Is the sync workflow execution a bad practice?

Hi, I haave a question about use case for this sync workflow execution.

My scenario is: I have some activities already used in another flow, but I would like to re-use couple of them to get some data during user flow at our website. So when user opens some page I would like to start a very small workflow - wait for result and return a result for user.

I am afraid that such usage is a bad practice. Should I instead create a new web service with the same logic (double the code / move this code to the library)?

You can get results of already completed executions. In the linked code
await handle.result()
should unblock immediately if the execution with the configured workflow id has already completed. So I don’t think
you need to start another execution for this.

You can also query completed executions just fyi (from time they completed up to time of the namespace retention period you set, at which time their info is removed from persistence store).

I mean that I want to reuse the code itself, under the hood it has some simple logic and remote API call.

This code with such parameyers was not executed yet.

Got it. Execution latency which seems you are worried about for use case will depend on what your workflow code does (how many services it invokes, how long those calls take, can they fail and be retried, …), your temporal service and persistence latencies, your worker process setup, current system load, etc.
All this can be measured using sdk and service metrics that can help optimize your setup.

If execution latencies fit within your requirements on user response time for this api then great, if they don’t one idea could be to start the workflow execution
on api request async, respond with “ack” back to user right away, and then have your workflow via activity invoke an api that pushes result to user, just idea.

It is certainly not the intended use of Temporal as you don’t need a guarantee of execution in this case. Synchronous use is OK, and it is frequent, but it is usually used when there is a need to ensure that no two duplicated transactions are executed for the same request or there is need to run some compensations in case of some business level failures (aka Saga).

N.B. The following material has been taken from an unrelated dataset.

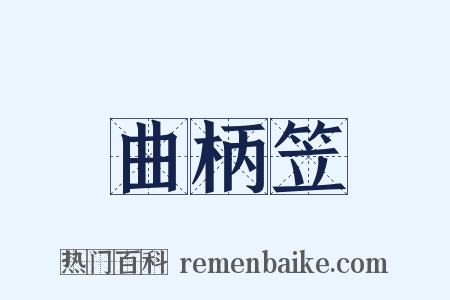 曲柄笠是什么意思的图片
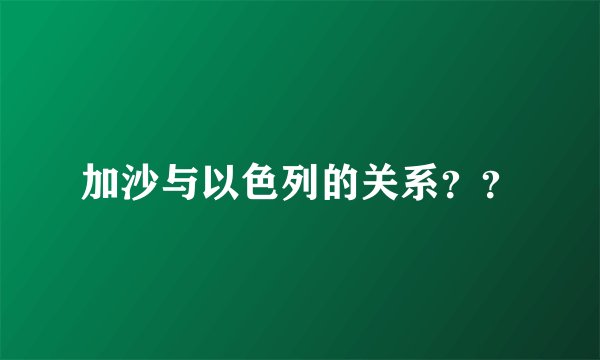 加沙与以色列的关系？？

Thank you for the responses!
Let me provide a little bit more datail.

  1. We have a form with some inputs. After the form was commited to the baackend we create a database entry.
  2. Using the ID of thet entry we have made a request to the remote API.
  3. And after that we would like to return some results to our user. After that our user can leave the site, he will be notified later then step 4 will be completed (up to the several days)
  4. Depend on the further actions of the user we can do some other actions with our database entry cretaed earlier. A lot of activities actually starts here.
  5. If there is not any actions was made - we also do some actions.

In me opinion the whole story is a SAGA. Is not it? The best option is to have it the siingle workflow but in that case we are not able to retrieve the results in step 3. Thats why I would like to split it into 2 workflows 1-3 and child workflow with step 4-5.

So here is the 2 options:

  • Reuse the code at maximum & keep the whole saga in the workflows.
  • Create web service for the steps 1-3. And start workflow after ster 4 only. Split the saga between web-service and my workflow. It will be much harder to maintain I suppose and I will also need to share an access to the database across multiple solutions.

I see. Then breaking into two workflows makes sense. In the future, we are going to extend synchronous update to allow blocking workflow start until a workflow decides to unblock it.